(SOURCE MATERIAL Opens)
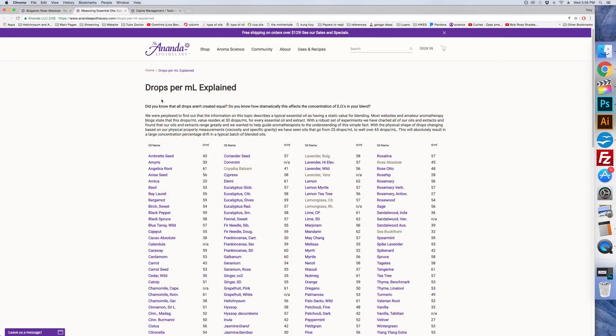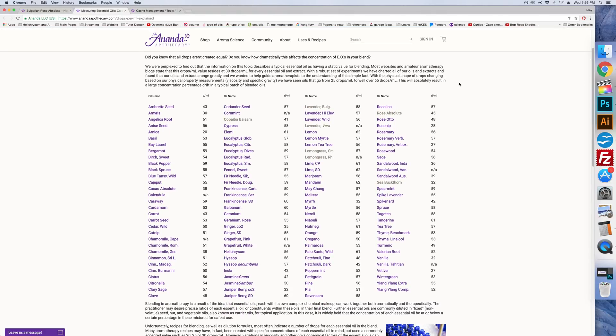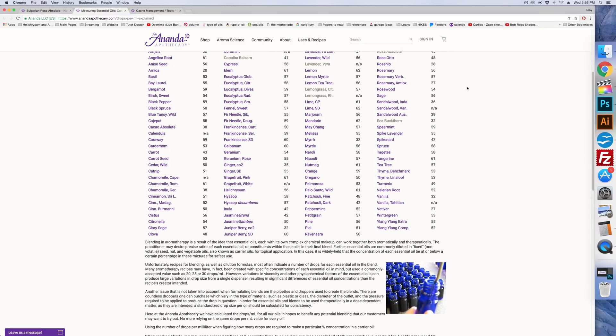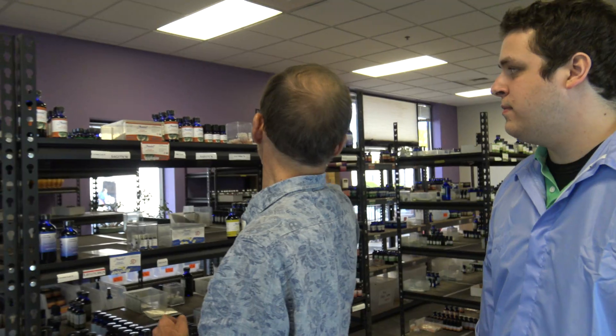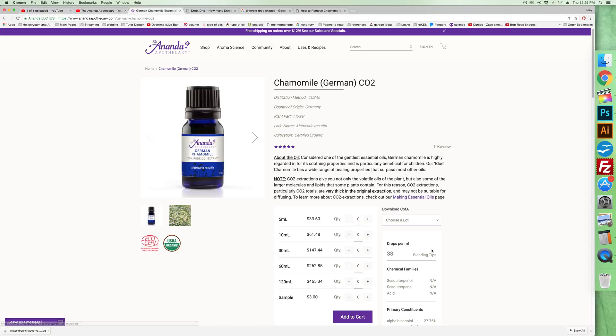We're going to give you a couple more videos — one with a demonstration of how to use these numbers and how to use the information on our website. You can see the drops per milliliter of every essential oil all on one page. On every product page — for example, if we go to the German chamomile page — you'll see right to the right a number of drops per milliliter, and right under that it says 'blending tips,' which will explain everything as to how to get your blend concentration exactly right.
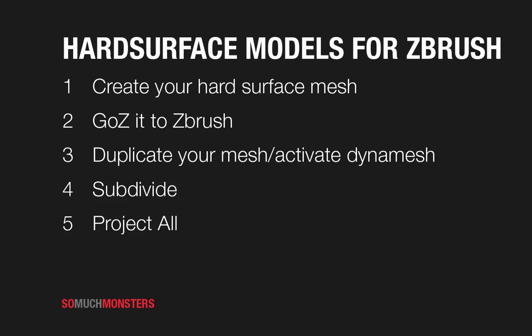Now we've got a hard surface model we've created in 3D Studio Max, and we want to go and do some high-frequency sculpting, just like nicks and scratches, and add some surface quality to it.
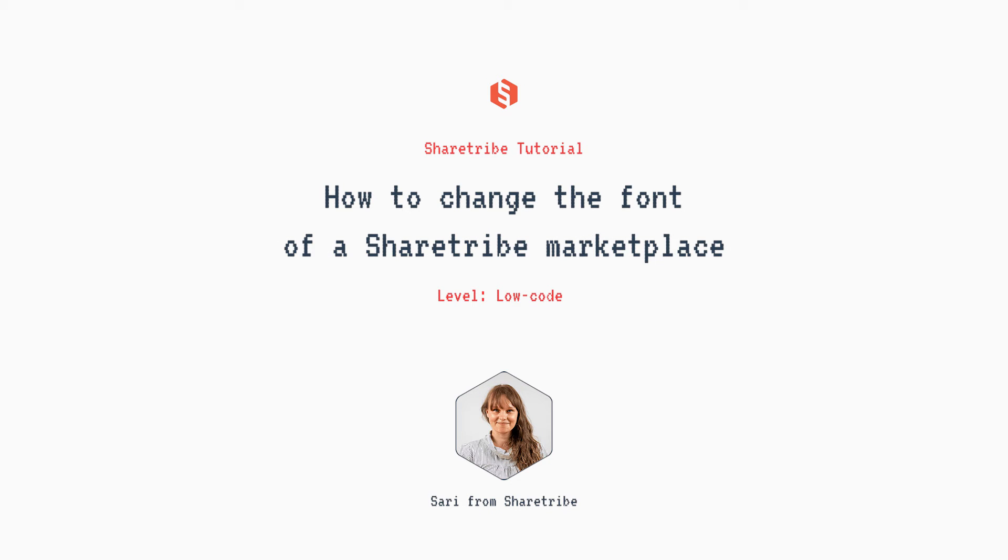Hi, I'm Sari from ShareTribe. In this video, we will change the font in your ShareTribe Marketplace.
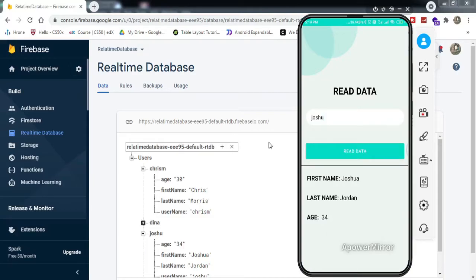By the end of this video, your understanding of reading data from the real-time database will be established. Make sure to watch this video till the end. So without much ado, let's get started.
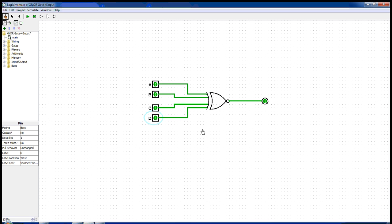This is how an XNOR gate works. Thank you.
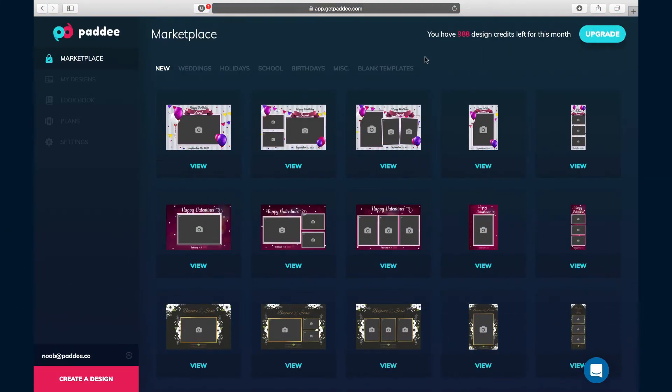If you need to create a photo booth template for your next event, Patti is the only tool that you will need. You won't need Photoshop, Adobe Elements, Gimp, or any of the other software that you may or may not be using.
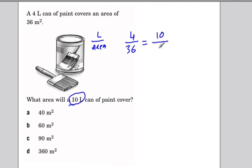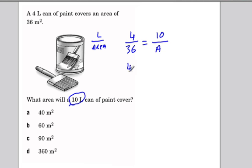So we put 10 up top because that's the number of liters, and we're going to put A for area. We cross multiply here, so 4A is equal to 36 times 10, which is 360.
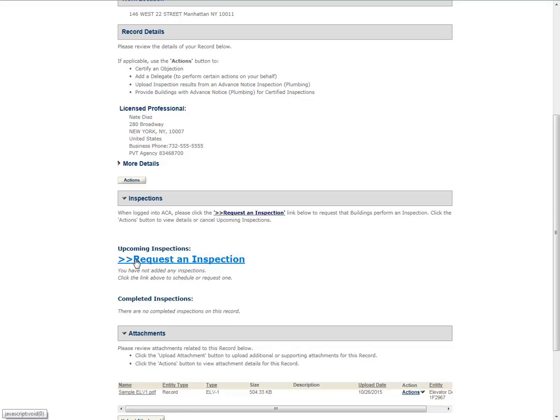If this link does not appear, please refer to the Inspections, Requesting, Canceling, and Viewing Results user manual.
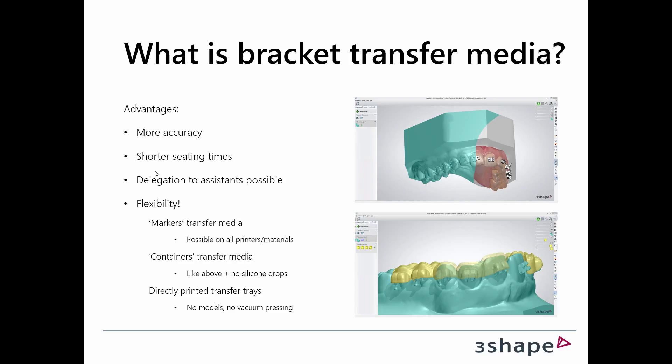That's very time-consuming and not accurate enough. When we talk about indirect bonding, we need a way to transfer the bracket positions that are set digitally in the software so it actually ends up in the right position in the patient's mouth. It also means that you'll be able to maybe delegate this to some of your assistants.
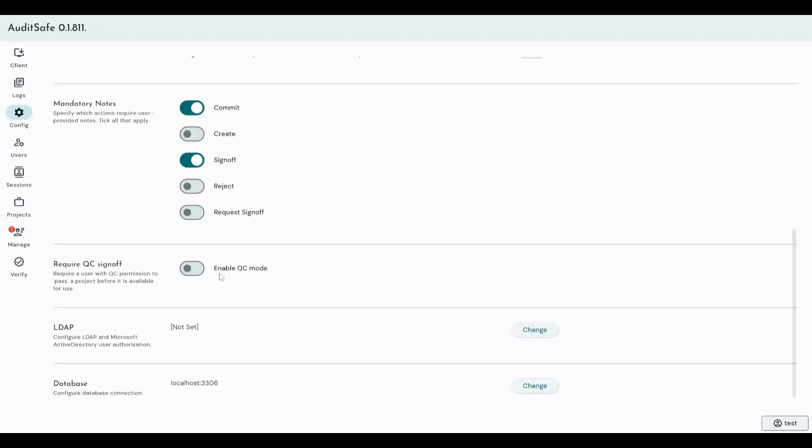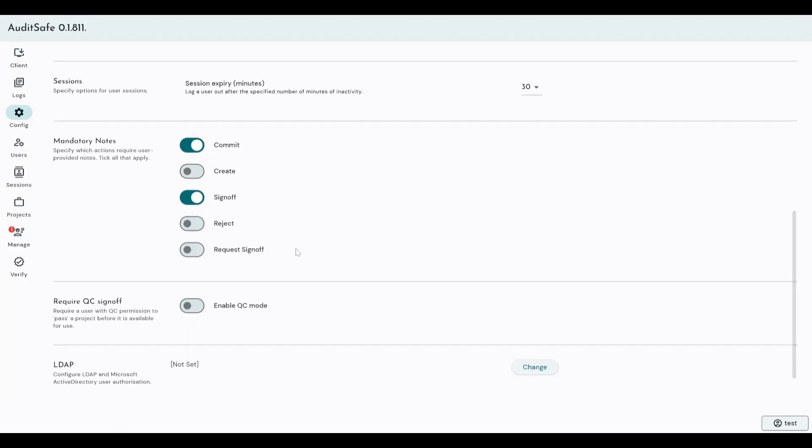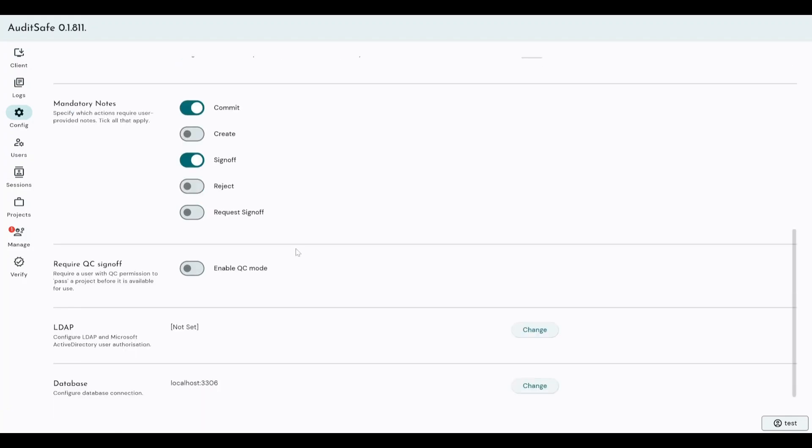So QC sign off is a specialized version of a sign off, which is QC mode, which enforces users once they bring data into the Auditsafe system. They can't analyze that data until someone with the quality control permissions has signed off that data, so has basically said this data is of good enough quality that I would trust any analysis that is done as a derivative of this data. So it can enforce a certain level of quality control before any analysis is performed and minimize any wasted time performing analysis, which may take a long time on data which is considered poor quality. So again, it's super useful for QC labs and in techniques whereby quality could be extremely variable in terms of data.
(SOURCE MATERIAL Closes)
**TASK DESCRIPTION:**
Return the material from the line containing "If this link" through the line containing "That's very time-consuming", exactly and in full, but without its pictures.

**EXPECTED OUTPUT:**
If this link does not appear, please refer to the Inspections, Requesting, Canceling, and Viewing Results user manual.
That's very time-consuming and not accurate enough. When we talk about indirect bonding, we need a way to transfer the bracket positions that are set digitally in the software so it actually ends up in the right position in the patient's mouth. It also means that you'll be able to maybe delegate this to some of your assistants.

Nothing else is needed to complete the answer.